Giter Site home page Giter Site logo

elt_workshop's Introduction

Data platform workshop

Materials for the "Building a modern data platform with Python and open-source tools" workshop.

Agenda

  1. Intro + set up - 1hr
  2. Intro to Prefect - 1.5hr
  3. Break - 15min
  4. Airbyte - existing source - 1hr
  5. Airbyte - new source 1hr (bonus)
  6. Wrap up - 15min

Pre-workshop set up

We'll be using GitHub, Docker, Prefect Cloud, and Airbyte during the workshop. To save everyone's time, please make sure you have at minimum Git + Docker with Airbyte images set up before we begin (as it needs to download quite a lot of data).

0. Don't use a Macbook with M1 chip

Great for many things, but not yet for local data engineering development.

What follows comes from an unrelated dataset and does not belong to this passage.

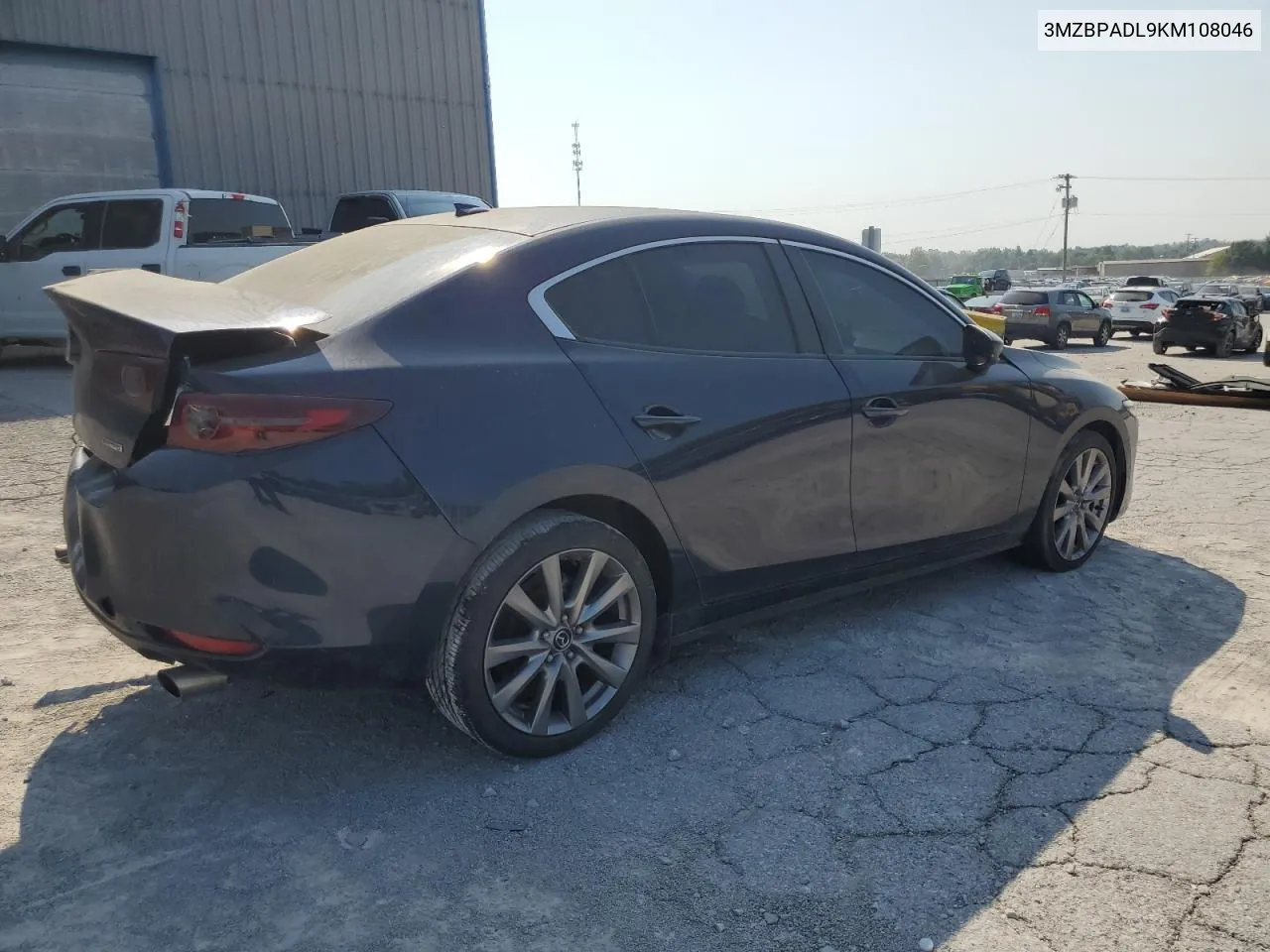 2019 Mazda 3 Preferred VIN: 3MZBPADL9KM108046 Lot: 69327944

0b. [Windows only] Use WSL if possible

Run wsl --install from an administrator Powershell or CMD to install it (you may need to install it manually on some Windows versions). This method will get the image and set the WSL version to two. You may still need to enable Docker integration as per below instruction (bullet point 3).

If you've already installed WSL when installing Docker, you have to:

  • download and install the Ubuntu image from Microsoft store
  • set the WSL version to 2: wsl --set-version Ubuntu 2
  • enable DOcker in this Ubuntu image by checking the box next to Ubuntu in Docker -> Settings -> Resources -> WSL integration

I recommend using Windows Terminal to run all commands in WSL. You can find my settings here. Once set up, you can open WSL shell like this:

image

Once in the shell, type sudo apt update && sudo apt install python3-pip.

1. Install Git

LINK

2. Set up GitHub

  • create a Personal Access Token: LINK
    Select "Repo" as the scope.
  • make GitHub remember the credentials: git config --global credential.helper store

3. Install Docker

4. Authenticate with Docker Hub

  • run docker login
  • Docker will ask you to provide your DockerHub username and password.
    Provide your username and access token, which you can generate in hub.docker.com -> fingerprint icon -> Account Settings -> Security -> New Access Token.
    Make sure to save that token for step 4 of Workshop set up.

5. Install docker-compose

NOTE Linux-only (it's built into Docker on other systems)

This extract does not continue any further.